Provided material:
○ ○ ○ ○
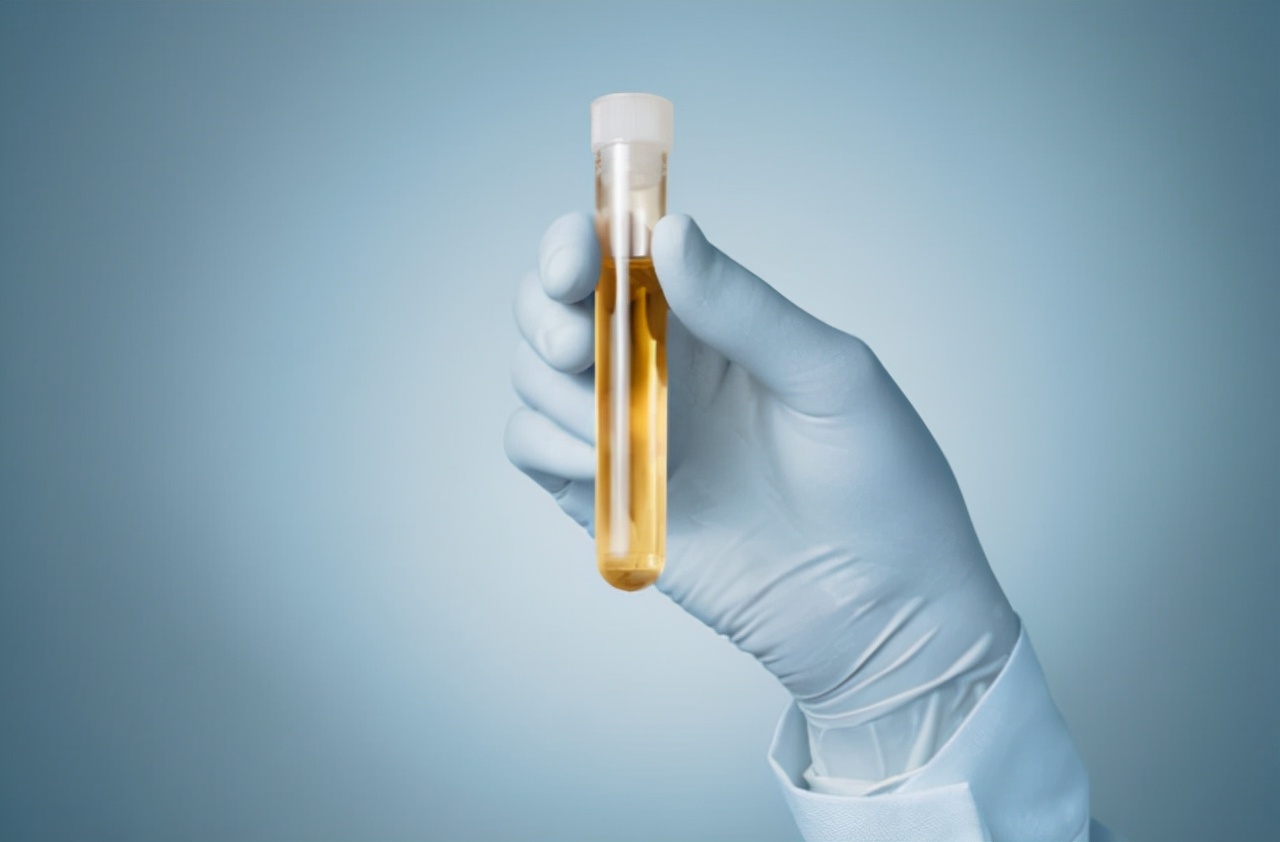 上厕所尿液特别黄怎么回事,上厕所时尿液很黄怎么回事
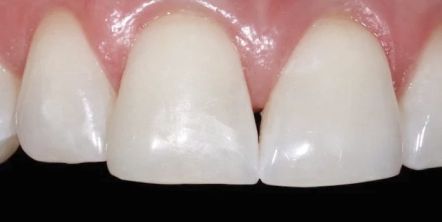 Close-up of three front teeth with a visible gap between the center teeth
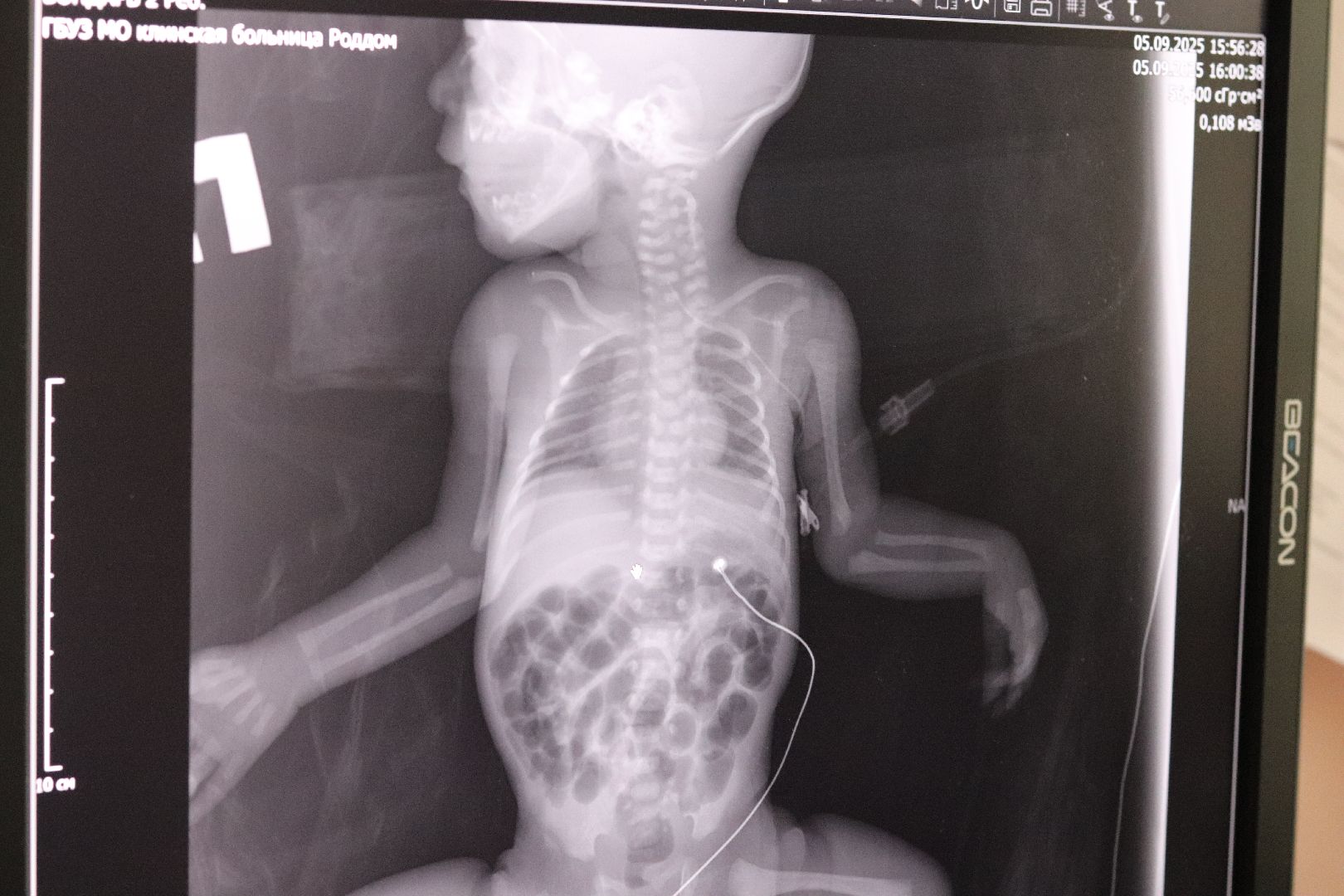 клин, общество, медицина, новое медицинское оборудование, дети, клинский роддом,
○ ○ ○ ○
Exercise objective:
Pictures do not belong in the copy. Repeat exactly each line from the one with "Close-up of three" through the end of the listing.

Solved problem:
 Close-up of three front teeth with a visible gap between the center teeth
 клин, общество, медицина, новое медицинское оборудование, дети, клинский роддом,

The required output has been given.